Certains lui reprocheront sa boulimie de titre. Pas moi. Et sa conséquence douloureuse. Le Suisse a renoncé à la Finale du Masters. Et on s’interroge au sujet sa participation à la Finale de la Coupe Davis. Va-t-il jouer ? Et si oui, dans quel état ? Avec quelle préparation sur terre battue ?

Le surmenage peut déclencher des problèmes mécaniques, même chez un athlète harmonieux comme Federer. Mais je pencherais plus pour un blocage psychosomatique après le duel âpre, épique et autodestructeur contre son coéquipier Wawrinka. « La personne ayant mal au dos à l’impression de devoir trop endosser. Parce qu’on lui en demande trop, ou parce qu’elle-même est trop exigeante, elle s’encombre de fardeaux trop lourds pour elle. »

L’attente de tout un pays pèse sur le numéro 2 de l’ATP, Roger, pas sur le numéro 4, Stan. C’est à lui de ramener le saladier. Pour tout un peuple. Pour lui, qui rêve tant de remplir sa vitrine de tous les trophées. La pression sur lui est démesurée. L’esprit fait disjoncter le corps. Et le poids de l’expectative recommence à être supportable. Convalescent, mal préparé, il retrouve le droit de perdre. Et le Maître redevient encore plus humain. Avec ses petites faiblesses. Qui me le rendent encore plus sympathique.

Tie-break

Un œil sur France-Australie. Enthousiasmé par le dynamisme des bleus, trop peu récompensés de leur ascendant manifeste. Avec une émotion intense dans les dernières minutes quand les wallabies menacent de revenir au score.

Un œil sur le tennis. Neutre. Suisse. Federer vs Wawrinka. Entre Suisses avec la perspective de la finale de Coupe Davis. Qui se profile. Avec le verre déformant d’un événement qui ne se vit qu’au travers de celui qui va se avoir lieu dans une semaine. Avec des garanties du côté de Federer. En grande forme au Master de Londres. Aérien. Harmonieux. Élégant. Au point d’en faire oublier son mental de Champion. Avec des incertitudes chez Wawrinka. Victorieux contre Berdych et Cilic. Balayé par Djokovic.

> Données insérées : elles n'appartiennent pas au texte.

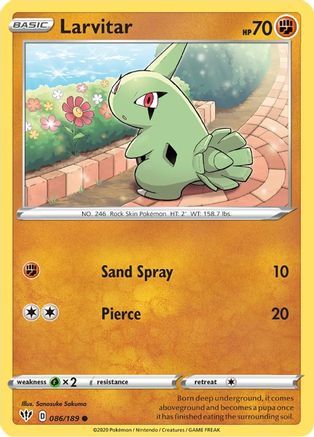 Larvitar 086/189 - SWSH03 Darkness Ablaze Reverse Holofoil - Common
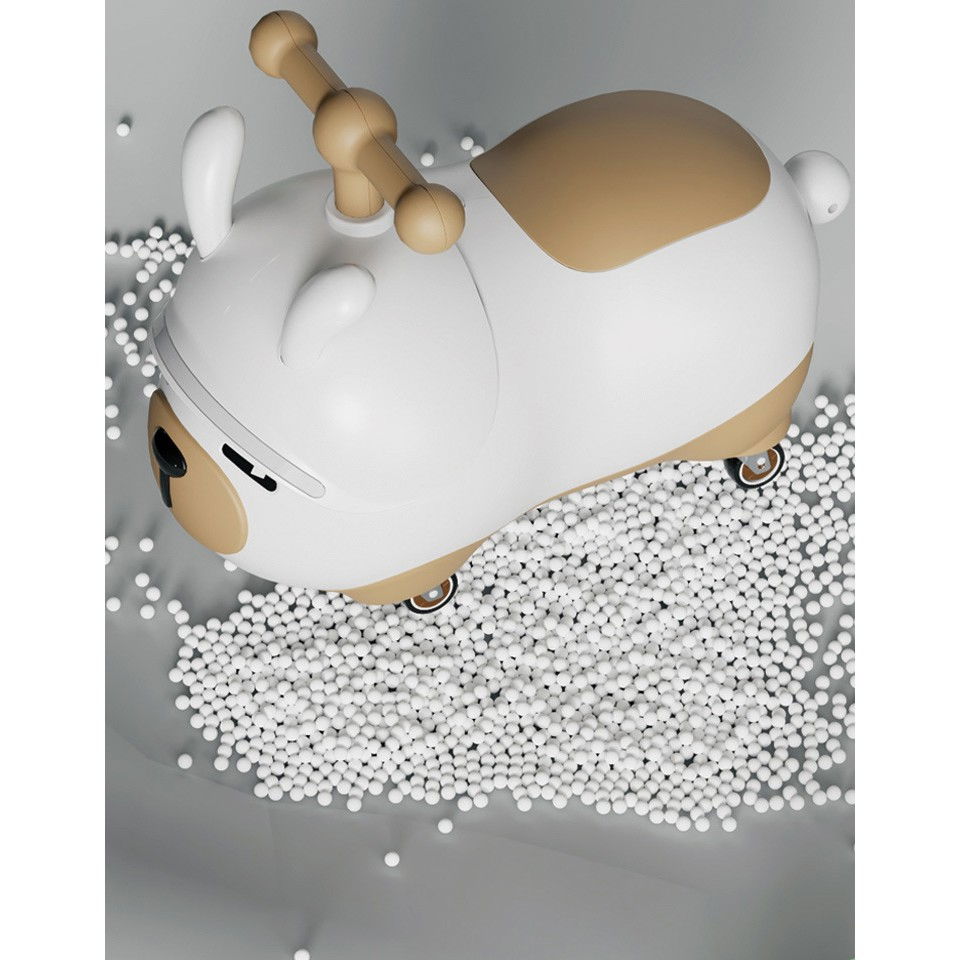 Masinuta ride-on  sistem anti-rasturnare, sistem de lumini si sunet, bluetooth, 1-3 ani, model catel, 43 x 33 x 26 cm, alb - maro [4]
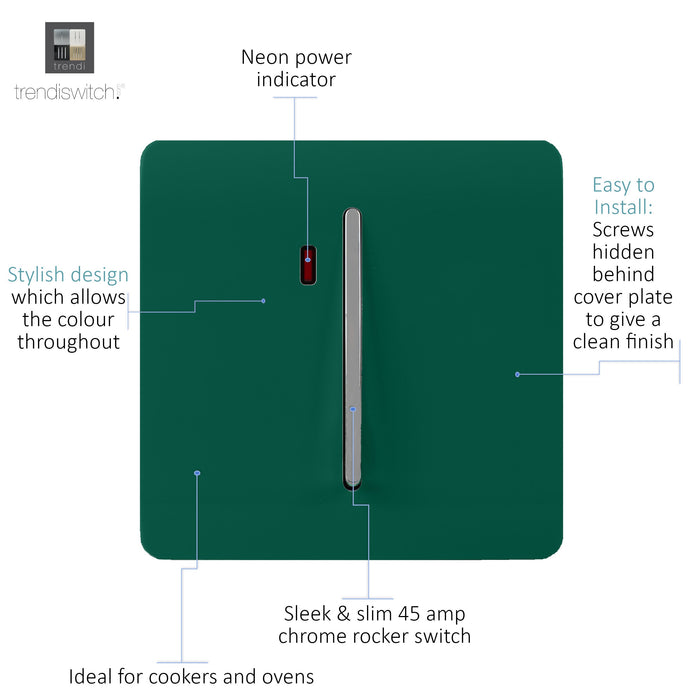 Trendi, Artistic Modern 20 Amp Neon Insert Double Pole Switch Dark Green Finish, BRITISH MADE, (25mm Back Box Required), 5yrs Warranty • ART-WHS1DG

Stan déroule son tennis. Serein. Imperturbable. Sûr de ses coups. De sa force. Roger subit. 6-4.

Roger commet peu de fautes. Revient dans le match. Sans réussir à déclasser son adversaire du jour. Combat il y a. Serré. Âpre. Beau spectacle. 7-5 pour le Bâlois.

Stan commence le troisième set en breakant son futur coéquipier. Il fait la course en tête. Federer revient très fort. Jeu de 8 minutes pour égaliser à 4-4. Sans succès. Wawrinka sert pour le match. Avec 4 balles pour l’emporter. Le mental de Roger impressionne. Son visage reste impassible, pas marqué par le long et dur défi. Celui de Wawrinka bout. Rougeyant. Marbré de taches blanches. Bouffi par l’intensité ? Mais l’œil ne démontre aucun moment de doute ni de faiblesse. Federer égalise. Pour finalement l’emporter au tie-break. Au bout d’un suspense ardent, irrespirable.

Le sport comme on l’aime. Les Helvètes sont en forme. Sans garantie pour la finale de la Coupe Davis. Qui offre souvent des matches à rebondissements.